**COLLECTED DATA:**

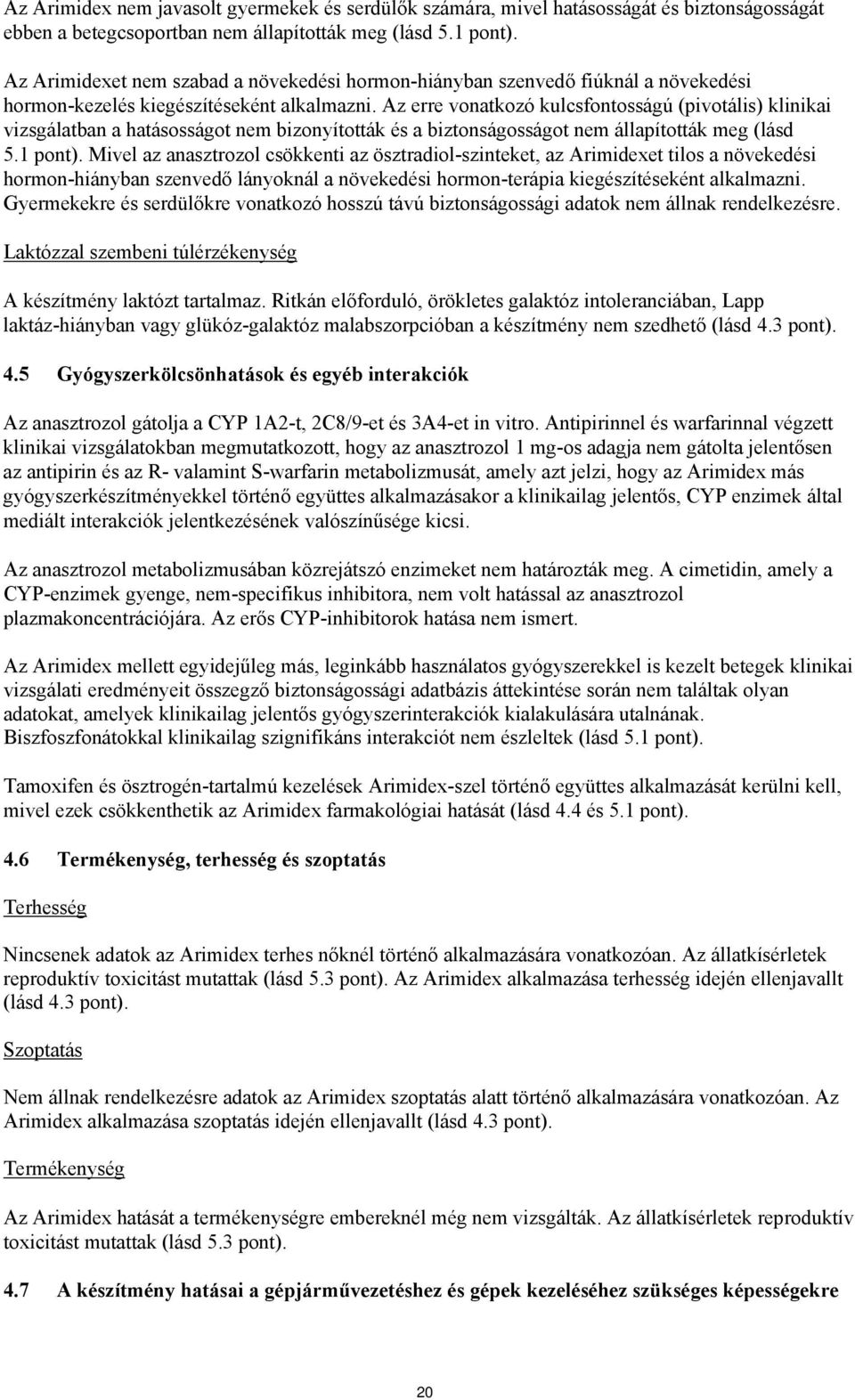 Az erre vonatkozó kulcsfontosságú (pivotális) klinikai vizsgálatban a hatásosságot nem bizonyították és a biztonságosságot nem állapították meg (lásd 5.1 pont).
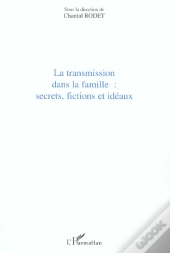 La Transmission Dans La Famille : Secrets, Fictions Et Ideaux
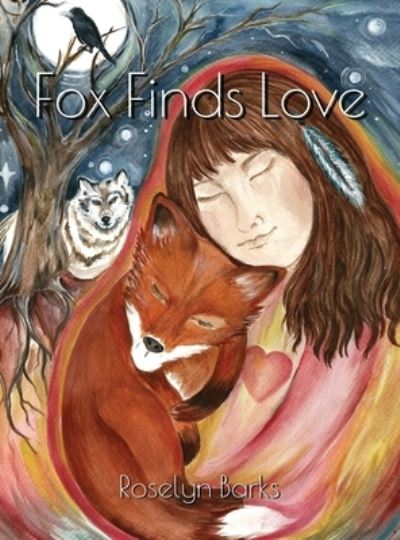 Fox Finds Love - Roselyn Barks - Books - Argyle Fox Publishing - 9781953259639 - October 25, 2022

**WHAT YOU NEED TO DO:** Omit the pictures and return exactly the lines from the line containing "La Transmission Dans" through the final line of the material above, both ends included.

**SOLUTION BELOW:**
 La Transmission Dans La Famille : Secrets, Fictions Et Ideaux
 Fox Finds Love - Roselyn Barks - Books - Argyle Fox Publishing - 9781953259639 - October 25, 2022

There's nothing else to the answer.